-- Exercise goal --
I'd like the data beneath this line reproduced exactly, without any of its images.

-- Recorded information --

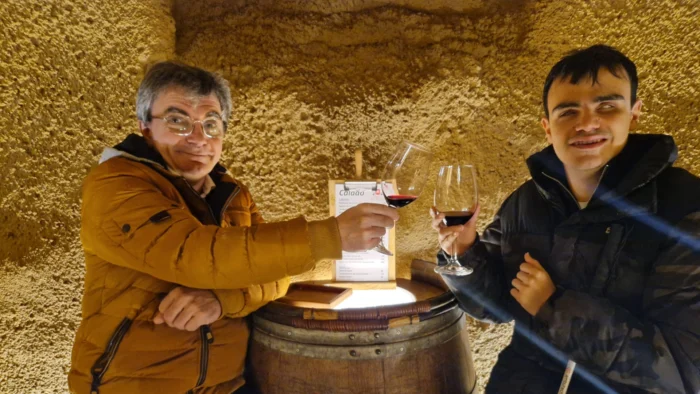 Un padre riojano se convierte en los ojos de su hijo ciego en cada partido de fútbol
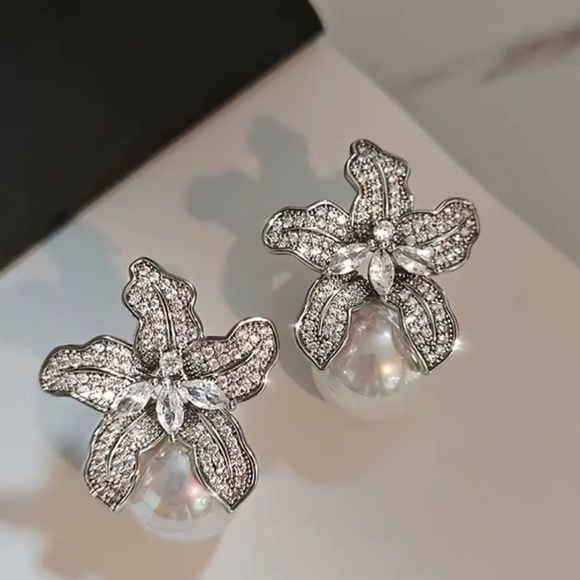 JTV Jewelry - 🐎 NEW! JTV Silver and Pearl Earrings
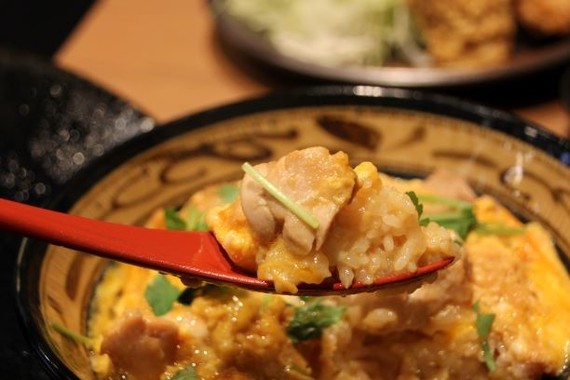 　出汁がよく利いた「親子丼」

-- Reply --
 Un padre riojano se convierte en los ojos de su hijo ciego en cada partido de fútbol
 JTV Jewelry - 🐎 NEW! JTV Silver and Pearl Earrings
 　出汁がよく利いた「親子丼」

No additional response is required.